06 Feb The Excalibur Awards
The Excalibur Awards
Last Friday I had the pleasure of attending “The Excalibur Awards”, along with a number of my colleagues from Kennesaw State University. The awards are presented by the Technology Association of Georgia (TAG), to recognize tech-enabled organizations that have developed innovative solutions to address complex business problems. KSU’s Technology Enhanced Learning Group was bested by the Board of Regents of the University System of Georgia for the award. (Isn’t that a bit like letting your boss win in golf?)
Anyway, ‘wait till next year’, as they say. KSU’s mobile online learning platform for executive education, and particularly the account management curriculum (shameless promotion) (https://www.youtube.com/watch?v=c_nMkk9O9Ns&feature=youtu.be) is really having a positive and profitable impact for our clients. That’s reward enough!
Marc Lautenbach, CEO of Pitney Bowes, was the keynote speaker at the event. He became CEO in 2012 after a long career at IBM, and inherited a proud company that was in rapid decline. It sounded almost like an Eastman Kodak story where technology was already passing them by and they would need a radically new approach to survive then prosper. His story was compelling.
Marc set about to learn all he could in his first 100 days.
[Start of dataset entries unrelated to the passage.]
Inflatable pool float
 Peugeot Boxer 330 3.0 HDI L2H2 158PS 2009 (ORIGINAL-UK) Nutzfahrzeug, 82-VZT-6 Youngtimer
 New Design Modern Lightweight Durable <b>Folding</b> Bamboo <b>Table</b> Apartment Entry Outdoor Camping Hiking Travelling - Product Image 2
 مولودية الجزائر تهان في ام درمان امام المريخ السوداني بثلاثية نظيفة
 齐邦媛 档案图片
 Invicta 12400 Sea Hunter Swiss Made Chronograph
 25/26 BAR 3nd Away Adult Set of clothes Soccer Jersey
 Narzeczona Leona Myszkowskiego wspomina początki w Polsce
He met and spoke with clients, employees, former executives and suppliers. Afterward he settled on an immediate strategy focused on three priorities:
1) Stabilize the client base. PB already had a large client base that did business with them for metering snail mail. Most of the CIO’s he contacted did not even realize they were clients. This would not be the future of the company, but it was a start. Stemming client defections would be “Job One”.
2) Operate with Excellence. Doing a great job for these clients would pave the way for cross-selling of newer and more sustainable products and services.
3) Grow through New Business. Marc intentionally made this third because there would not be a future with new clients unless the existing ones were stable and recognizing value.
Hmmm. Where had we heard this before? Oh, that’s right, we incorporated it into the Clients for Life® Client Retention Process in 1986 and wrote about it in our proprietary blog in March, 2013 (http://clientretention.com/the-blog/page/9/). As Solomon says in Ecclesiastes, there’s really nothing new under the sun. We could have saved Marc a lot of days and travel miles though if he had been on our mailing list, as fortunately you already are.
By the way, Marc – and this strategy – are both succeeding beautifully at Pitney Bowes, as we would expect they would. It’s just really good management and uncommon common sense.